3. Spotting aberrant data using “Sort & Filter” or “Conditional Formatting”


If you wish to check that your dataset has been entered properly in Excel, you may use a couple of tools like Sort & Filter and Conditional Formatting.

Here is an example where local temperatures have been retrieved from a weather station at Fløyen, in Bergen for the period 1/1/2017-31/12/2017 and placed in an Excel sheet. Since temperatures are retrieved from the station every 10 minutes, there are over 52000 values in total! It is virtually impossible to “manually” check that each and every data point in the table is correct or make sense.

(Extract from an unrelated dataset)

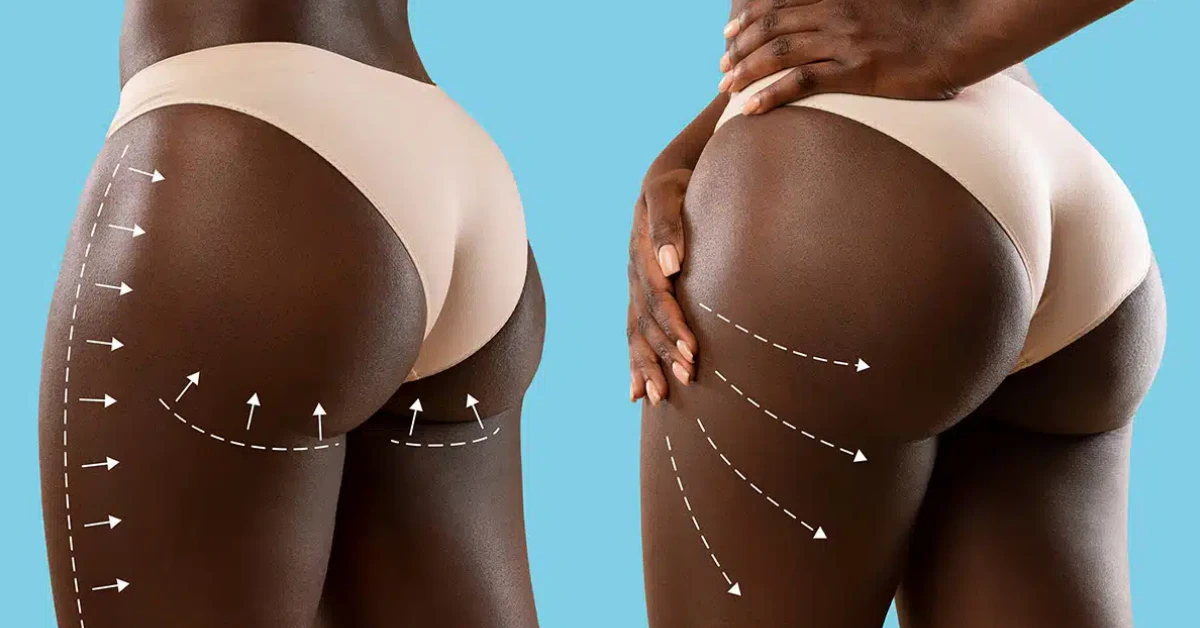 Butt Implants vs BBL: Which One Fits Your Body?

We thus need to find a way to spot the mistake more rapidly. Note: the column C contains the data that was retrieved; the column D contains the same data, but 5 aberrant data points (temperature between 70 and 200 degrees Celsius, see highlighted cell) have been inserted for the purpose of this example.

 

Using Sort & Filter

Aberrant data points such as extreme values or outliers (values that come either higher or lower than a certain range of values) may be spotted using a sorting function or tool. The goal is to reveal them by sorting the data in an ascending or descending order. Check here how to use Sort & Filter

Select the columns A, B, C and D and click on Custom sort... in Sort & Filter. If your table contains headers, then tick off the My data has headers option. The name of your variables now appears in the sort by field. Select the variable Temperatures (with errors), then select values and largest to smallest, and click OK. Your selection has now been rearranged accordingly and shows the highest values on top, thus revealing extremely high values which are unlikely to match temperatures in Bergen. You may do the same with smallest to largest to reveal the lower values.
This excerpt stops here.